そこに、その暗号を作った人の気持ちに添えるようになると、何をキーワードに暗号を作っているか予想がつくようになるようなのです。

その道のプロの指導者が集まっても一人の指導者と変わらない

本書では、サッカーのチームを強くするために、優秀なサッカーの指導者と他には、いろいろなスポーツや仕事の経験者を集めた例が示されていました。

指導者たちは寄せ集めメンバーです。こうした寄せ集めメンバーと言われるとすごくモチベーションが下がります。しかし、この寄せ集めメンバー率いるサッカーチームはものすごく強くなってしまったようです。

というのも、いろいろな経験の人がいるということは、サッカーの概念から離れて率直な意見を聞くことができます。

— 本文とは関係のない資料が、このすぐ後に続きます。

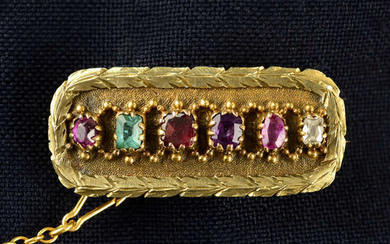 An early 19th century gold multi-gem 'REGARD' acrostic mourning brooch, hinged to reveal a glazed locket.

トレーニングのメニューもサッカーの専門家であれば、どれも同じようなメニューになってしまいます。

しかし、いろいろなスポーツや職業の人たちなら、ぼくたちならこのようなトレーニングをするという意見がでてきます。一見関係ない考え方でも、もしかしたら、応用できるのではないか。違った目線でみることができるのです。

多様性が意外なところに宿る事例

次の3つの事例では、多様性はありそうなところに無く意外なところに成り立つという事例です。とても興味深かったです。

会議は壊滅的に非効率的|多彩な意見を取り入れようとするほど仇となる不思議な場

少人数だけでは決められない。だからいろんな分野の人たちと話し合ってきめるために会議を開く。なんてことはあるかもしれません。しかし、これはすごく非効率的のようです。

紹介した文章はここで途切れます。